Before receiving the highly anticipated ship — which over five decks features a cinema, gym, pool, fire pit and eight jet skis — Packer at the end of last year sold his relatively modest 55m boat EJI (his children’s names in the other order) to Russian billionaire Roman Abramovich, who also owns the Premier League’s Chelsea Football Club. Before that, Packer sold what had been his late father Kerry Packer’s icebreaker Arctic P to his billionaire sister Gretel. That storied vessel was last spotted moored off the coast of Spanish party island Ibiza.
All of which has created the extraordinary scenario: the luxury-loving billionaire having to rent this season.
Positions vacant
More news out of Tony Nutt’s star chamber, which is filling the staffing ranks of Scott Morrison’s government.
Margin Call can reveal Gerard McManus has been given the tick by Nutt and the gang to take over as chief of staff to Nationals deputy leader Bridget McKenzie, who is also Minister for Agriculture.
He has replaced Richard Hyett, who we gather has called time on federal politics — at least for a bit.
It’s a return to the wombat trail for McManus, a former Herald Sun journo, who until the May election was a senior adviser to Kelly O’Dwyer.
Before working for O’Dwyer, McManus was a senior media adviser for Barnaby Joyce, which is famous for being a handful of a staffing role.
Team ScoMo hopes that relations between the Liberals and Nationals are less fractious than they were in the 45th parliament.
Some experienced cross-pollinated staff might help.
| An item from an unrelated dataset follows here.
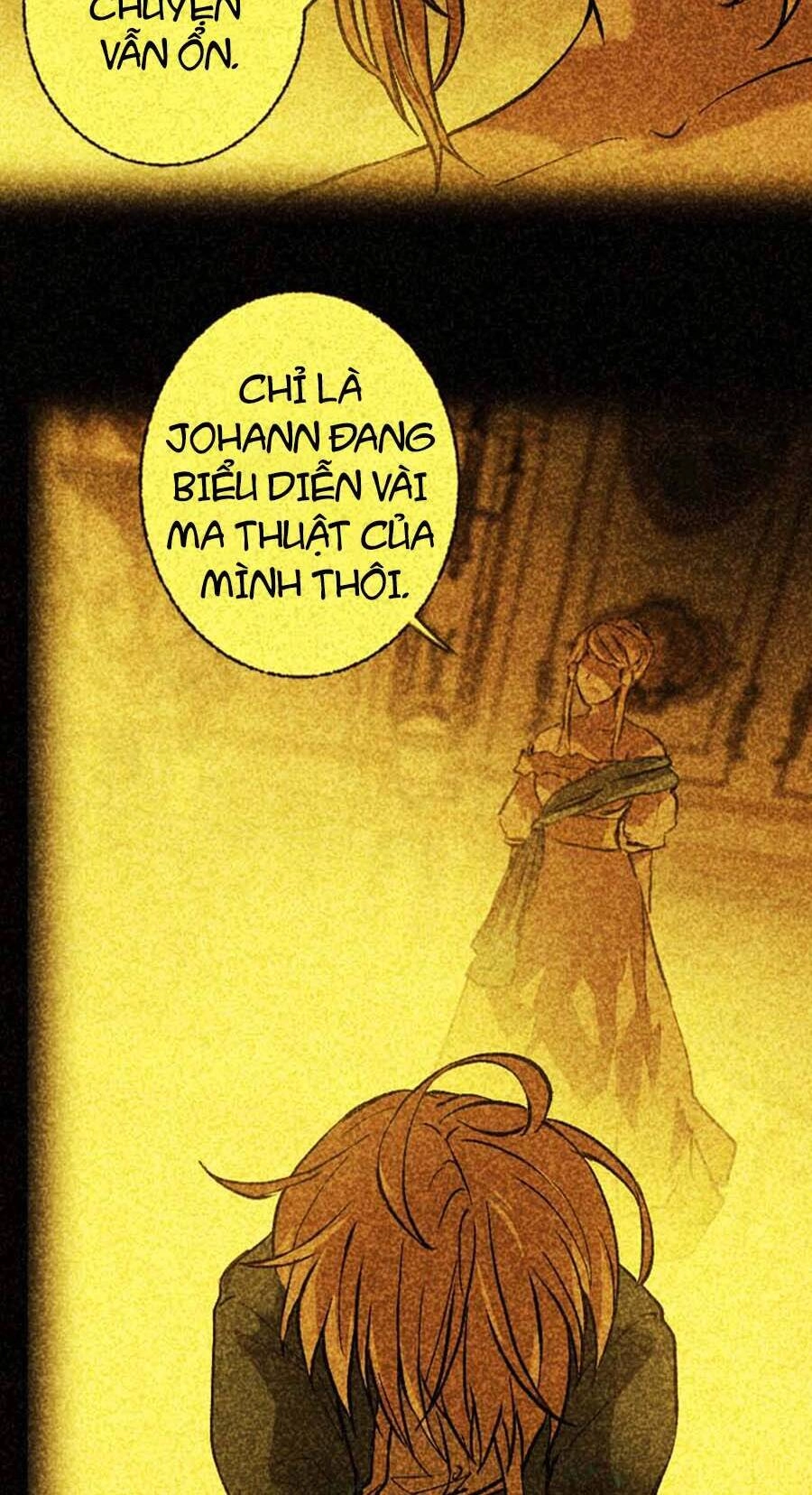 Deor! Chapter 61 - 22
Less interoffice romance wouldn’t hurt either.
Other roles in McKenzie’s office — and across much of the Morrison ministry — could take weeks to fill as many Coalition staffers are still on gardening leave and have not yet decided what to do with their mostly unexpected bright new futures.
Post appointment
After many column inches about departures from Australia Post, some mail travelling in the other direction.
Margin Call has learned Christine Holgate has picked the final member of her executive team: a new corporate services boss to replace Chris Blake, who was one of the flock that migrated to former Australia Post CEO Ahmed Fahour’s new finance shop Latitude.
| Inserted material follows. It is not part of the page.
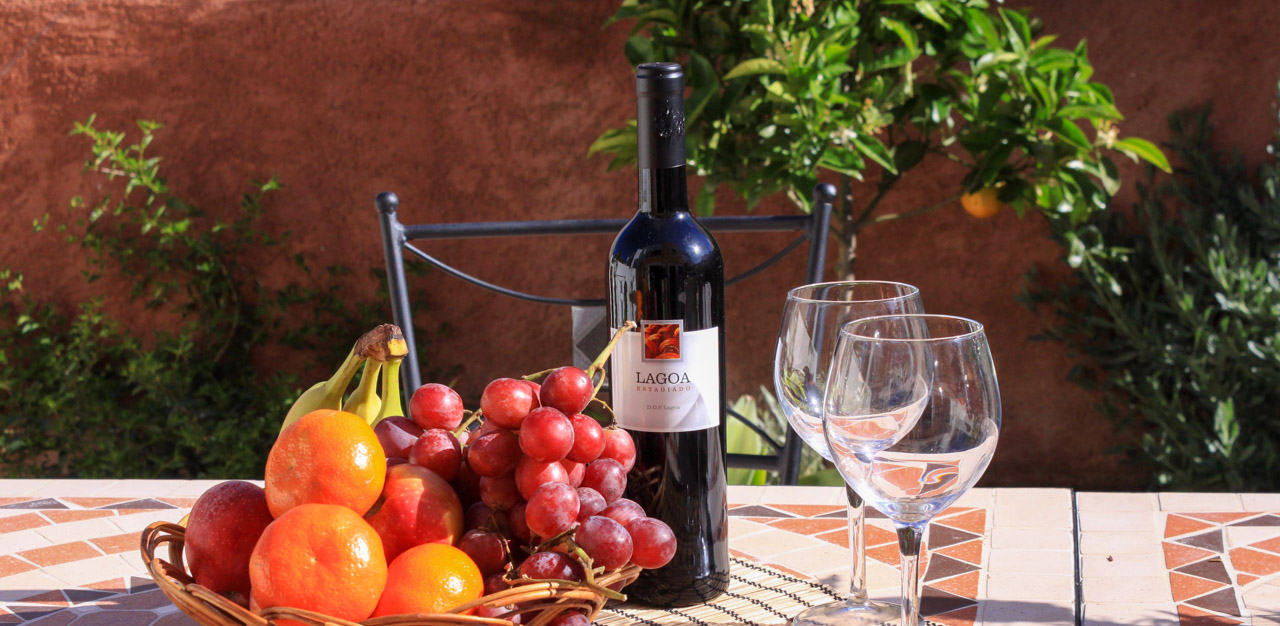 Casa Laranja Oasis Ferragudo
After many contenders ruled themselves out by setting off to Latitude (and its generous share incentive scheme), expect the new exec to be a fresh face in Australia Post’s yoga-loving, carol-singing, consultant-infested Bourke Street head office.
All going swimmingly
What’s a historic mansion on Sydney Harbour without a swimming pool?
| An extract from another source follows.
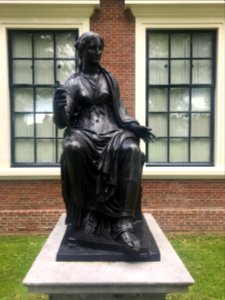Paviljoen Welgelegen monumentendag 2017 01 - Euterpe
Not a patch on next door if you’re Atlassian billionaire Scott Farquhar, who is forking out to reinstate the swimming pool at his Point Piper estate Elaine, which was previously owned by media royalty John B. Fairfax.
Farquhar, 39 and worth just over $9 billion on The Stensholt List, has been given approval from his local Woollahra Council to spend $170,000 putting a pool on the almost 7000sq m property that runs down to pretty Seven Shillings Beach.
The pool is approved to sit adjacent to the sand at the front corner of the property, whose fence features a gate accessing the shoreline.
Farquhar and the co-founder of tech software business Atlassian, Mike Cannon-Brookes, are on track to become Australia’s two richest individuals. He bought the rundown Elaine in mid-2017 for about $70 million.
Unsurprisingly, Farquhar had no need for any mortgage on the title to assist with the buy.
A little more than one year later Cannon-Brookes handed over more than $100 million for the late Lady Mary Fairfax’s neighbouring mansion Fairwater, which is in better repair than Elaine and already has a pool perched on its expansive grounds nestled on the harbour.
By February this year Cannon-Brookes, who on Monday was opining as a panellist on Tony Jones’ Q&A, had got around to mortgaging Fairwater to Credit Suisse.
Council approval for a new pool at the estate, which was home to members of the Fairfax family for more than 100 years, was first gained by JB Fairfax’s private vehicle Marinya Capital in 2016. Getting it ready in time for summer seems highly ambitious — in other words, a perfect domestic challenge for Farquhar and his venture capitalist wife Kim Jackson.